I woke up this morning and wondered what time it was, so I grabbed my phone off the nightstand, even though there was a clock right next to it, but to see it would have required me to turn my head and that seemed like too much trouble. I knew it was about 7:00 because of the light coming through the window. Also, the second movement of the morning birdsong concerto had begun, so I knew it was well past 6:30.
Getting used to living in this time zone has been harder than I expected. When I lived on the far side of the international date line, I was ahead of most of the world. If I forgot someone’s birthday Stateside, it didn’t matter because they were all a day behind me. But now I’m behind almost the entire world.

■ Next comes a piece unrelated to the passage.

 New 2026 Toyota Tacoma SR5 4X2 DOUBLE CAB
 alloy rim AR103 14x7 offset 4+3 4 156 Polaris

Only American Samoa (where it’s the same time as the other Samoa but a day earlier–go figure) and Niue are behind me, but I don’t know anybody there so it doesn’t matter if I forget their birthdays.
When clients in Japan give me a deadline, I have to make sure that they’re talking about Tokyo time, not Hawaii time, because Tokyo is 19 hours ahead of us (or six hours ago tomorrow), so if my deadline is Monday at 9:00 a.m. Tokyo time, it’s 3:00 Sunday afternoon for me. And that’s weird. Who ever heard of a Sunday afternoon deadline?
I did find a silver lining, though. Neither Japan nor Hawaii has daylight savings time, so at least the level of confusion is consistent all year. Most of my US people are East Coasters, so the time difference was either 12 or 13 hours, which was confusing enough. Hawaii opted out of DST because we’re so close to the equator that winter and summer are about the same, meaning we can loll around the pool all year. Japan doesn’t have DST because there is concern that its workaholic population will refuse to leave their offices until after sunset. Unfortunately, that means it is sometimes pitch dark by 4:00 in mid-winter. Around mid-January, people start to resemble moles.
This was me in 2016.
The six months it took to process the cats and pack up our Tokyo lives so we could move here seemed to drag by like concrete boots nailed to oversized snowshoes, but then suddenly we were here. I told myself I could have six months to get settled and sorted and structured. As of today, we’ve been here ten months and I still don’t have a clue what we’re doing, but I’m starting to feel that’s how it is meant to be. To be honest, I feel like we’re on the world’s longest vacation. To be even more honest, I don’t feel bad about that. At all.